Source information
================================

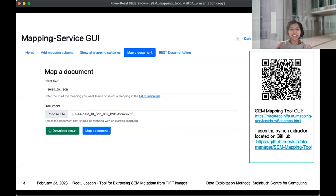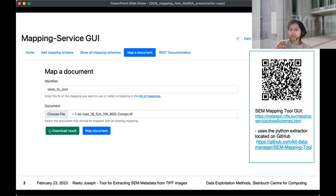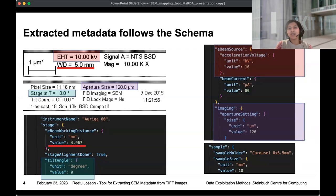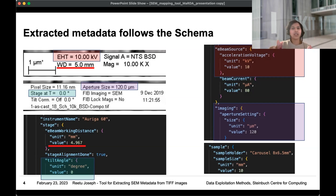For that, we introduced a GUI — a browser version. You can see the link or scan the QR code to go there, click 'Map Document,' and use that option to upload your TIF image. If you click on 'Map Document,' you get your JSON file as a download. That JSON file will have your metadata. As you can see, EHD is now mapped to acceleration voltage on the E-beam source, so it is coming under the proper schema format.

================================

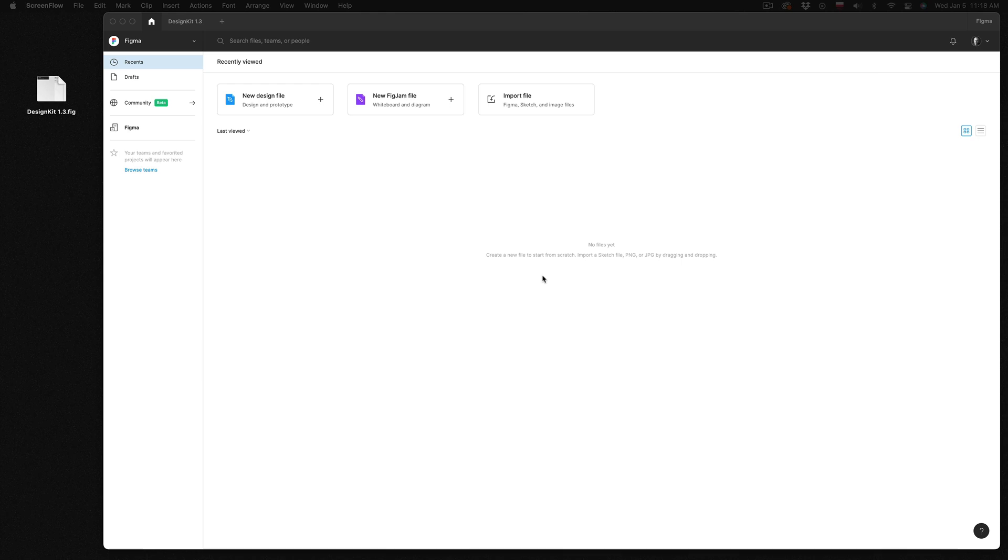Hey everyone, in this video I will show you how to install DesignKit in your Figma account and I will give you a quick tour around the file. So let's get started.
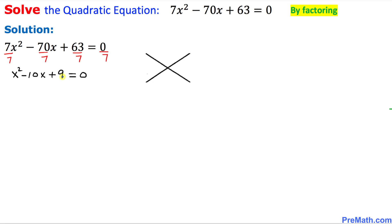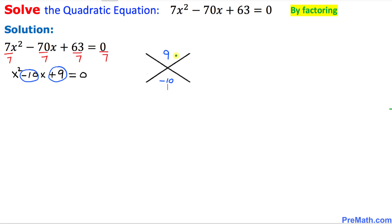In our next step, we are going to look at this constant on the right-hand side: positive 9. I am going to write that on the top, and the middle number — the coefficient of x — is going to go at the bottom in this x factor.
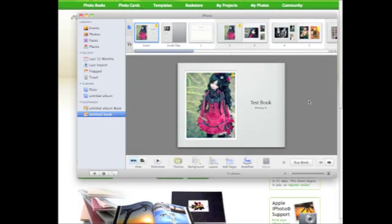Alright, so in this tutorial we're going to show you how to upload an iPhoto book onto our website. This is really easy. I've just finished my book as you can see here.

================================

What the task requires
Using the data above, give again exactly the lines starting at the one holding "In our next" and ending at the one holding "Alright, so in", inclusive, and nothing more. Omit the pictures.

Answer area
In our next step, we are going to look at this constant on the right-hand side: positive 9. I am going to write that on the top, and the middle number — the coefficient of x — is going to go at the bottom in this x factor.
Alright, so in this tutorial we're going to show you how to upload an iPhoto book onto our website. This is really easy. I've just finished my book as you can see here.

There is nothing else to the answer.